For director and producer Maurice Fitzpatrick, conversing with the US proved to be a valuable key to positive change.
“I picked the angle of the United States for a couple of reasons,” Fitzpatrick says. “One, it hasn’t really been told before, that story. It’s been largely overlooked. And secondly my belief that — and I make this clear in the book I’ve just written as well — my fundamental belief is that by bringing in the United States, Hume had suddenly reconfigured the power balance between Britain and Ireland. And at telling moments, when he could bring that power to bear, he could bring the British to the negotiating table. And that was a very new reality — Tony Blair makes that admission — it was a very new thing for British politicians to have to confront.
“A very educated and organised Irish lobby in the United States Congress, was in turn making it clear to the White House, through a succession of presidents from Carter through to Reagan and Clinton, that this was a priority for the American people.
“I wanted to get his story right in such a way that people could access it, maybe people who didn’t know so much are still able to watch the film and learn a lot about the whole span of the history of The Troubles.”
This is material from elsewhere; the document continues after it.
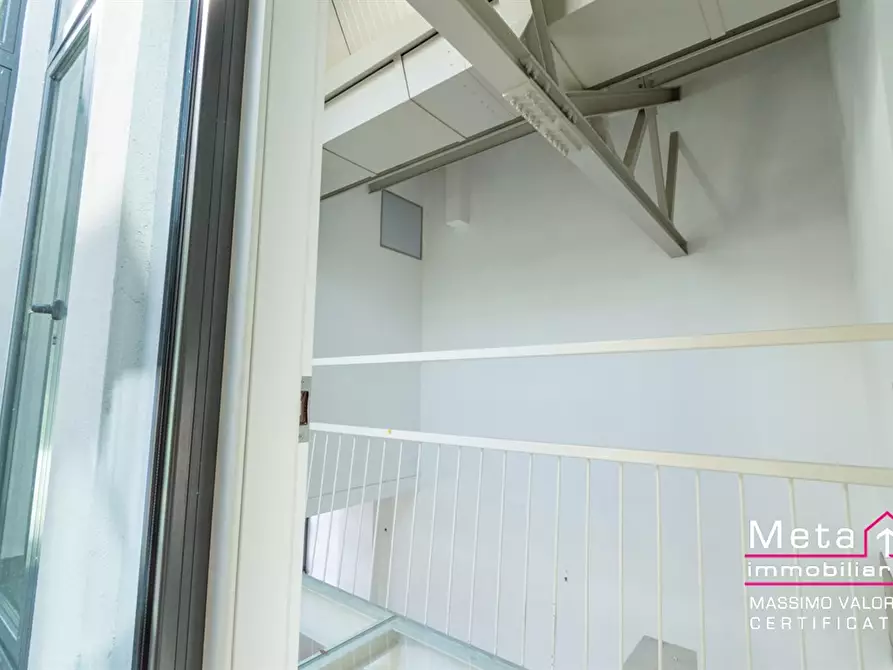 Immagine 2 di Laboratorio in vendita  in Via Mecenate 76 a Milano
As well as very eminent contributors who were involved in the peace process, the film features extraordinary archive footage of Hume animatedly campaigning for peace on the streets as part of the civil rights movement. Indeed, Clinton describes Hume as a Martin Luther King-type figure early in the film.
“I think that is the essence of what President Clinton is describing there, that Martin Luther King did marry the roles of teacher, of leader of people on the streets, but also had the political acumen to perform at the highest levels. He had a great combination of all of those things, and so did John Hume,” says Fitzpatrick.
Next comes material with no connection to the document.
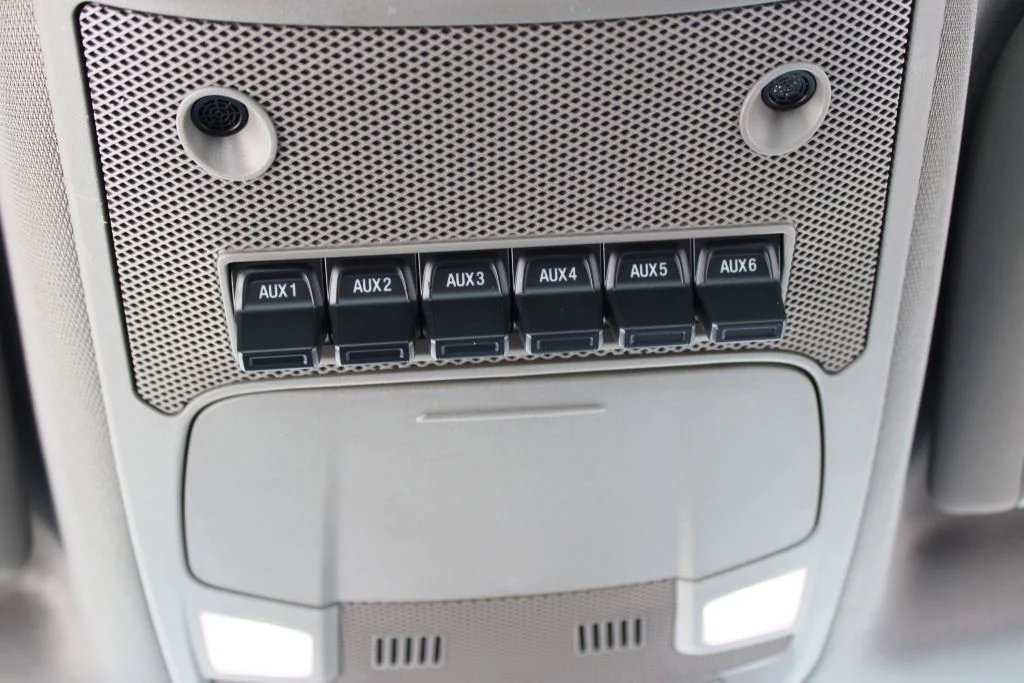Used 2019 White Ford XL image 17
“I was determined to illustrate for people when Bill Clinton speaks of John Hume and the (Martin Luther) King of the Irish conflict in the film, to show exactly how that was and why that was. He was rightly known as a parliamentary politician,” says Fitzpatrick.
“But the activity he conducted and led, on the streets of Derry, and indeed other parts of the North, all of that was part of his whole approach to a new politics. And I thought it was very important to get archive materials that reflected that. But also that reflected his passion and determination to forge a new society in the North.
“I spent a lot of time sifting through archives. There are a lot of clear linkages of what was happening in the North, a chain of cause and effect and how the North was becoming extremely dangerous from the point of view of someone who would lead a campaign of civil disobedience.”
The archive footage brings home the sense of urgency of the time, but also reminds us that those involved had no idea how circumstances would impact on them or their communities. Hume was fearful of the march that would become Bloody Sunday, for example.
“He didn’t know with certainty what the outcome would be but he had the instinct to pull back from the march that become the Bloody Sunday march. He made it clear that he wasn’t going to march, he wasn’t going to lead, and his instincts emerge in the film a number of times. Bill Clinton talks of how he trusted Hume’s instincts. He had that intellectual capacity, certainly, to analyse the situation, analyse the history of Northern Ireland, but also, his instincts were very sound as well,” says the filmmaker.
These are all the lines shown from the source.